Access Keys:
Skip to content (Access Key - 0)

Business Rules for Mapping to Chado

The intent of the description is to be as readable as possible, so in some places the relationships are described at their logical level. For example, property type names may be stored in a separate table with links to the property table by id. For clarity a description of the property table would describe the type by its text name rather than id.

Primary keys are omitted in all descriptions of tables.

1.      Project Table (Study)

A Study is captured using the Project table. Information stored at this level describes properties relevant for all field trials in a Project (Study). Since it is important both that local breeders are free to use their nomenclature and that these local terms are mapped to a central ontology, the properties table maps all terms to the Ontology at the project level.  Example property terms include name of the Study, Start/End Date, Principal Investigator, Phenotypic data types, etc.
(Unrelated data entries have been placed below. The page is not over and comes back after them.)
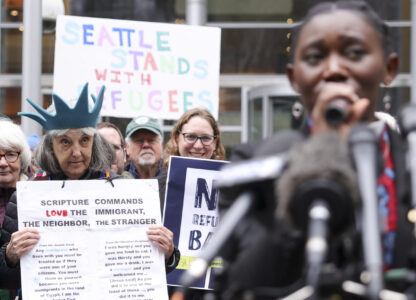 Retired reverend Carrol Jensen wears a hat mimicking the Statue of Liberty as Reverend Emilie Binja, a former refugee from the Democratic Republic of Congo speaks during a rally outside the U.S District Court after a federal judge blocked President Donald Trump's effort to halt the nation's refugee admissions system, Tuesday, Feb. 25, 2025 in Seattle. (AP Photo/Ryan Sun)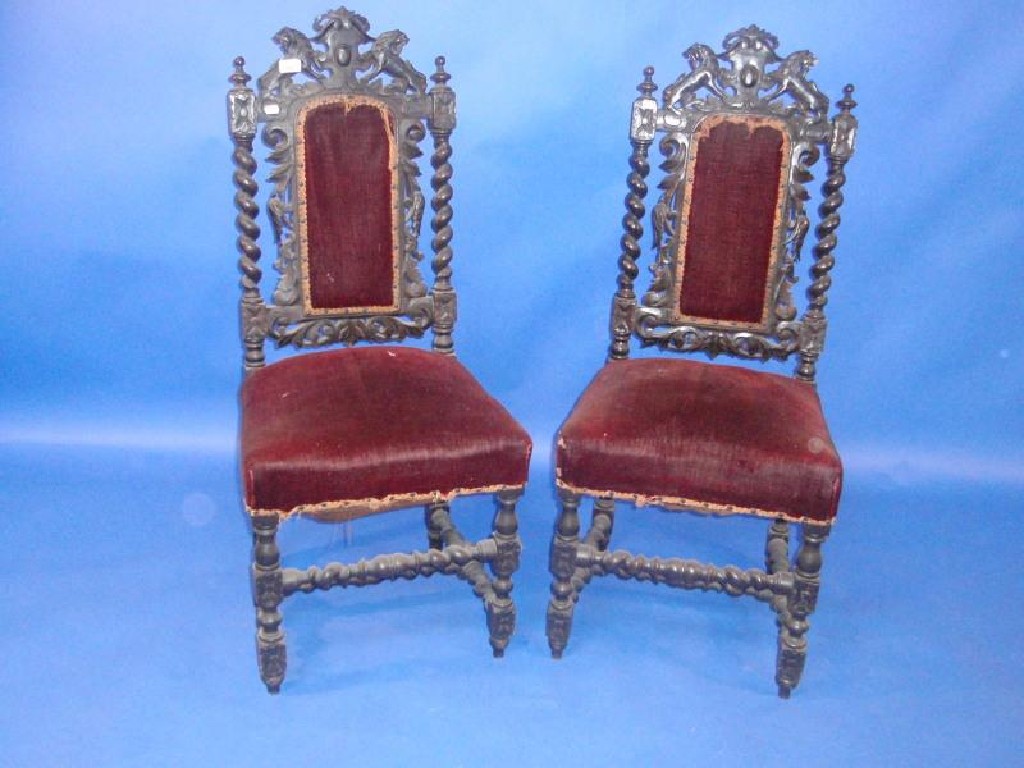 Appraisal: A pair of thC carved oak hall chairs in the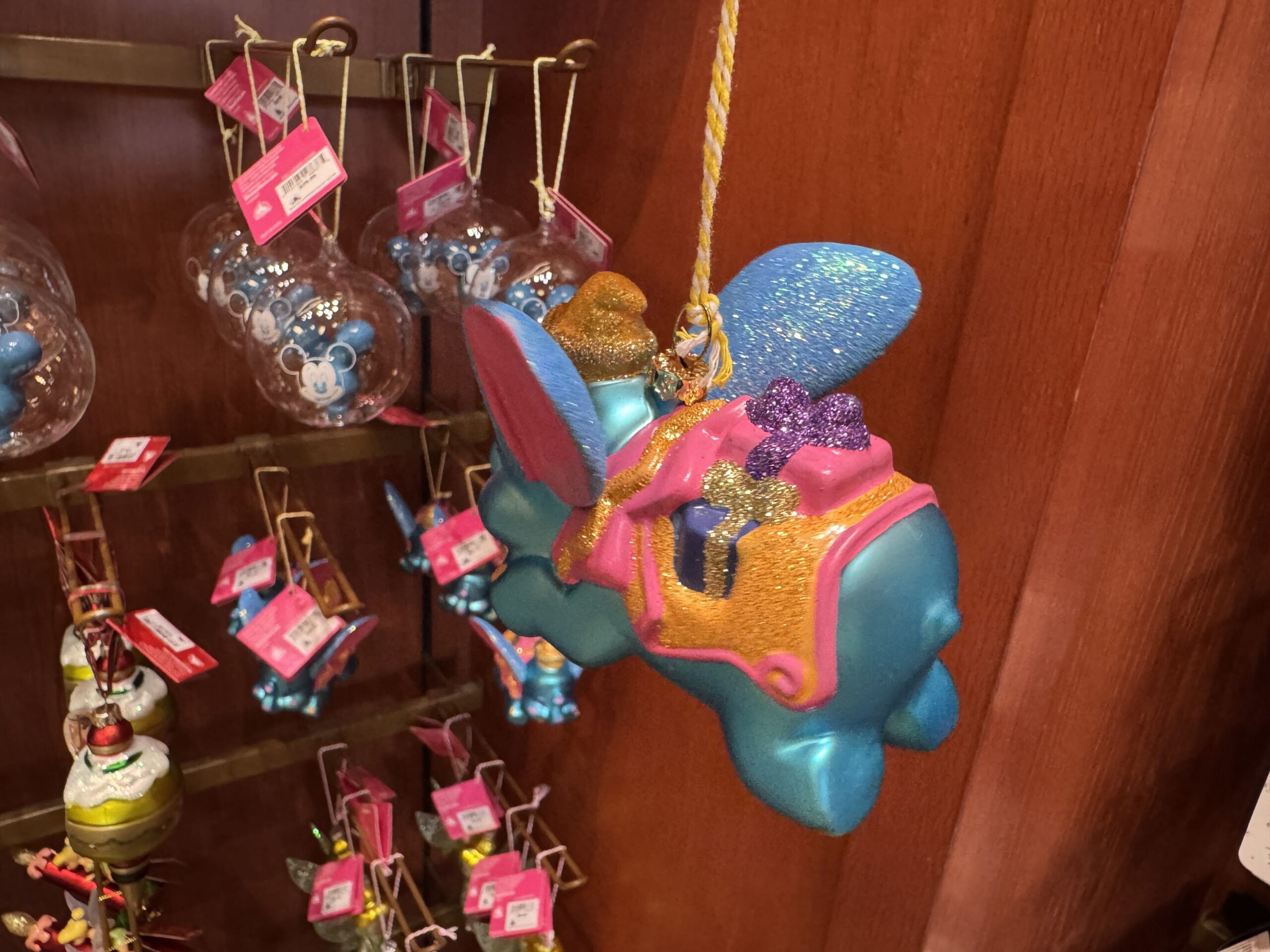 Dumbo flies in bright, cheery colors of blue, orange, and pink. His ears, hat, and saddle holding presents sparkle with glitter. He is crafted of porcelain and painted with rosy cheeks in a watercolor style. 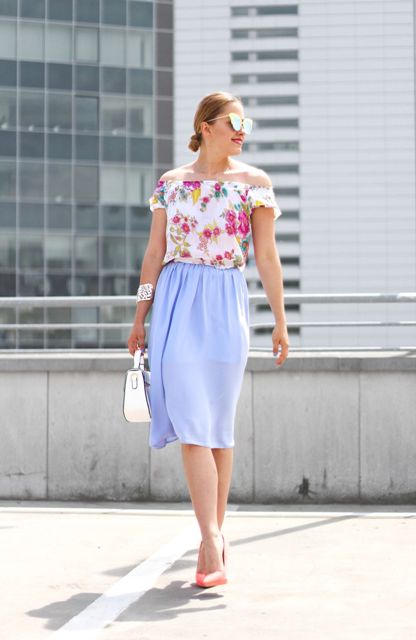 With floral printed off the shoulder top, light blue knee-length skirt, white leather bag and peach colored pumps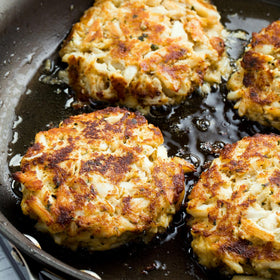 Preparing Old Bay Crab Cake Classic Mix with crab meat in a bowl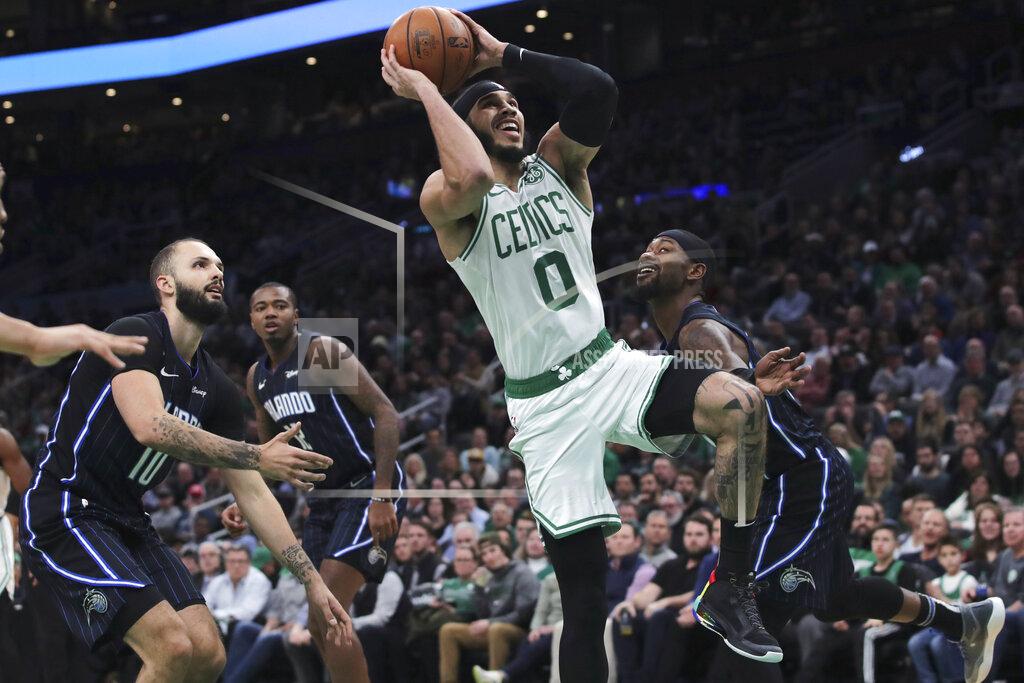 Boston Celtics forward Jayson Tatum (0) drives to the basket against the Orlando Magic during the second quarter of an NBA basketball game in Boston, Wednesday, Feb. 5, 2020. (AP Photo/Charles Krupa)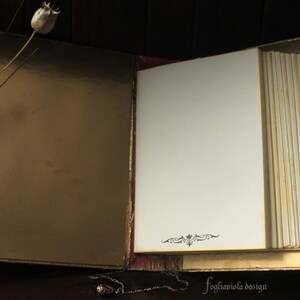 May include: An open, gold-colored journal with blank pages. The journal has a decorative design on the front cover and is closed with a gold clasp.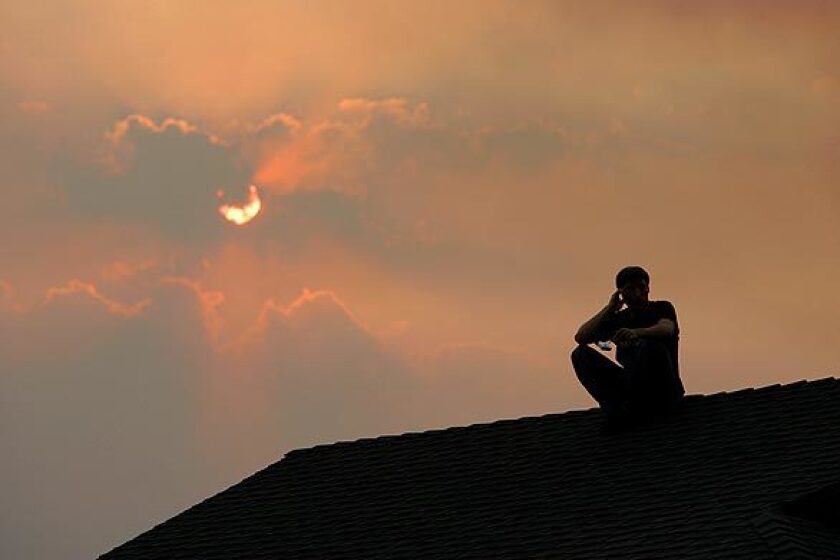 A resident sits on his roof to watch the Station fire burn in a canyon near homes off Boston Avenue in La Crescenta.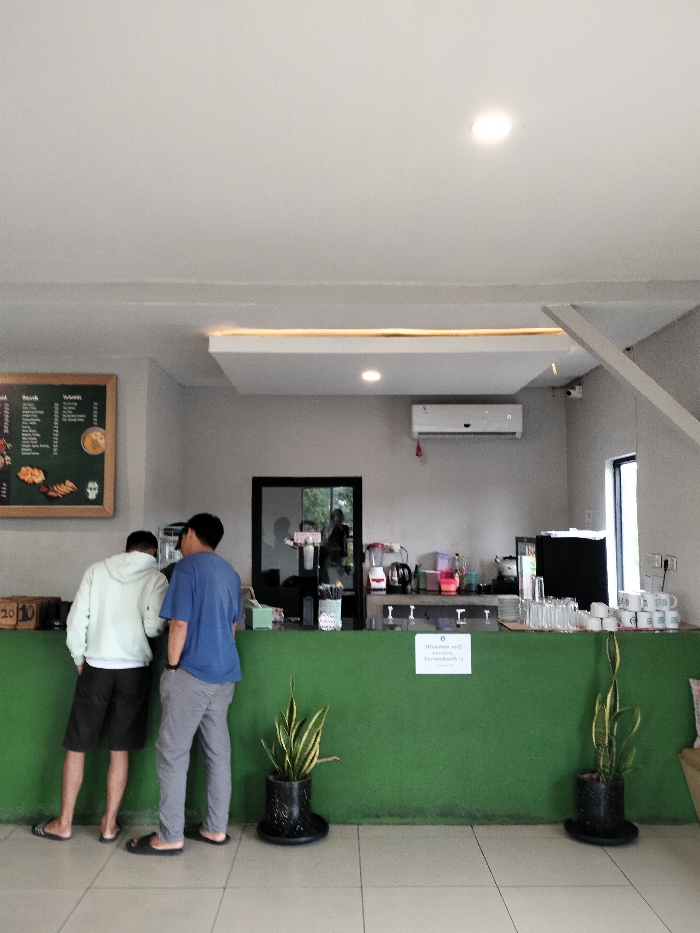 This image depicts an indoor scene at a casual self-service establishment, likely a cafe or restaurant, in Dramaga, Indonesia. Two men are standing with their backs to the camera at a prominent green counter. The man on the left wears a light-colored hoodie and dark shorts, while the man on the right is in a blue t-shirt and grey pants; both are wearing flip-flops. They appear to be ordering or waiting for items at the counter.
Behind the green counter, the background features a light grey wall equipped with an air conditioning unit and a security camera. Various items typically found in a service area are visible, including blenders, kettles, stacks of clean glasses, and white mugs. A dark-framed doorway or window in the back wall reflects a blurred figure. On the left wall, a dark menu board lists food and drink options, with headings like "Food" and "Drink," though specific items are mostly illegible.
On the green counter, a small white sign clearly states "Minuman self service" (Drink self-service) and "Terima Kasih" (Thank You), indicating a self-service beverage station. Two potted snake plants sit on the floor in front of the counter, adding natural decor. The ceiling is white with recessed lighting and a decorative dropped panel featuring strip lighting. The floor is light-colored tiled, and the space is brightly lit, suggesting it is daytime. The overall setting is functional and relaxed.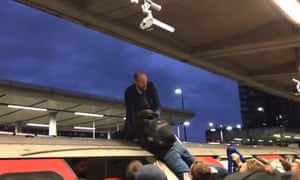 A furious commuter drags an Extinction Rebellion protester off the roof of a Tube train at Canning Town last week.
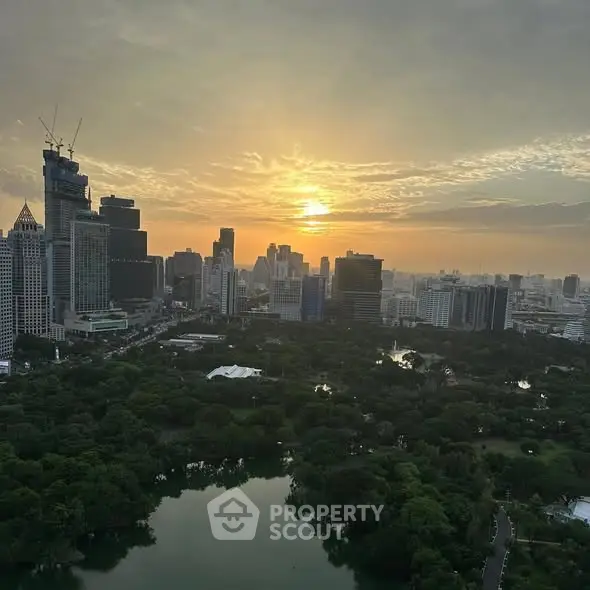 Stunning cityscape view with lush park and skyline at sunset.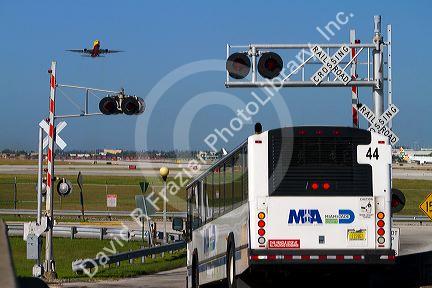 Boeing 737 at take off and a bus stopped at a railroad crossing at the Miami International Airport, Florida, USA.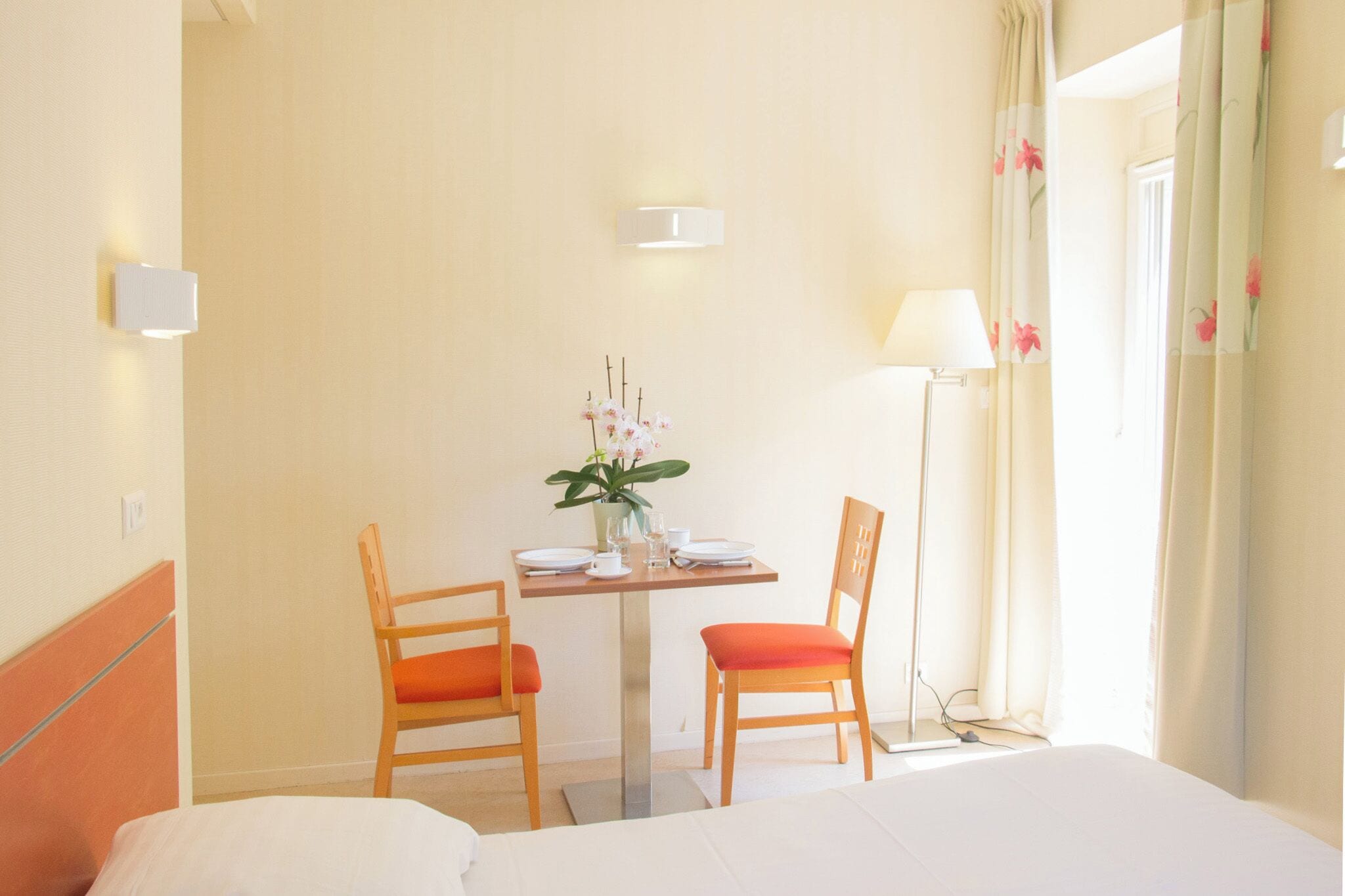 Una habitació d'hotel amb llit, una taula i cadires, un vas amb flors, una làmpada i una finestra amb cortines.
The project_properties table captures links to the ontology. Properties with the same rank represent a single compound property. The type column distinguishes the components of the compound property. Note that these entries are just the names of the properties with their ontology mappings. Values for properties are stored in the appropriate sub-module, usually in Experiment.

Table1: Example Project Properties for PI and Grain Yield

Project_id Type (would use an ID) Value Rank
1 Local Name Principal Investigator Name 1
1 Link to Ontology table 2 1
1 Short name PI 1
1 Local Name Grain yield 26
1 Link to Ontology table 12 26
1 Short Name YIELD 26

Question: Is the short name redundant?

2.      Geolocation table (Location)

The Geolocation table maps to the Location module of the logical data model. Information in this table corresponds to actual physical locations where Field Trials are conducted. Information about Locations is stored in the GMS database, outside the scope of the Phenotyping database. The Geolocation table has a link to the GMS location table in the existing schema via a property linked to the loc_id.

The Site Name (or Site Code if the Site Name is not available) is stored in the description field of the nd_geolocation table. The Site Name, Side Code, Site ID and loc_id are stored in the nd_gelocationprop table.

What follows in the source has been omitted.